Silvana observou Amélia, notando seus olhos levemente avermelhados, mas com uma expressão incrivelmente estável. Permaneceu em silêncio por um longo tempo.
Durante todos esses anos, parecia que Amélia havia se tornado extremamente habilidosa em ajustar suas próprias emoções.
Era como se ela tivesse criado uma enorme concha protetora dentro de si; quando ficava triste, recolhia-se ali para descansar.
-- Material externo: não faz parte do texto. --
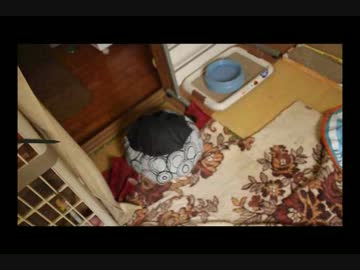 猫亀.flv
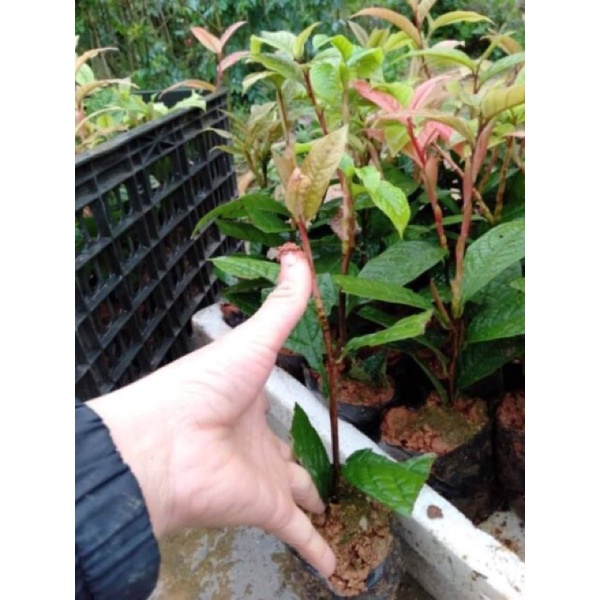 Cây giống trà hoa vàng 25-30cm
Depois que a dor era absorvida, ela conseguia voltar a agir como se nada tivesse acontecido.
Mas Silvana não sabia se essa concha realmente conseguia absorver tantas emoções negativas.
Se algum dia essa proteção desabasse de repente, Silvana nem ousava imaginar as consequências.
"Está bem."
O plano de Gregório, ao que tudo indicava, não tinha funcionado como ele esperava.
Ele queria que Amélia desse o primeiro passo para uma reconciliação, retomasse o casamento e, assim, curasse o orgulho ferido de quando foi deixado para trás.
No entanto, depois de tantos anos, a irmã dela, sob a influência da mãe, já não tinha mais a autoconfiança e a coragem que possuía quando vivia com a Família Lemos.
Ela havia decidido se esconder como um tatu-bola.
E era um tatu-bola que pretendia se manter assim por toda a vida.
"Mesmo que você decida se casar às pressas, espere pelo menos três meses antes de tomar qualquer decisão precipitada."
Afinal, Silvana e Gregório tinham sido colegas por um tempo. Considerou esse conselho como forma de retribuir a ajuda que ele lhe ofereceu quando a Família Lemos passou por dificuldades.
Quanto ao desfecho, dependeria apenas da sorte dele.
Amélia hesitou por um instante, depois assentiu.
"Está bem."
Três meses depois, ela saiu do Grupo Silva.
A situação da Família Lemos também já estava completamente estabilizada.
A mágoa no coração de Gregório provavelmente já havia se dissipado.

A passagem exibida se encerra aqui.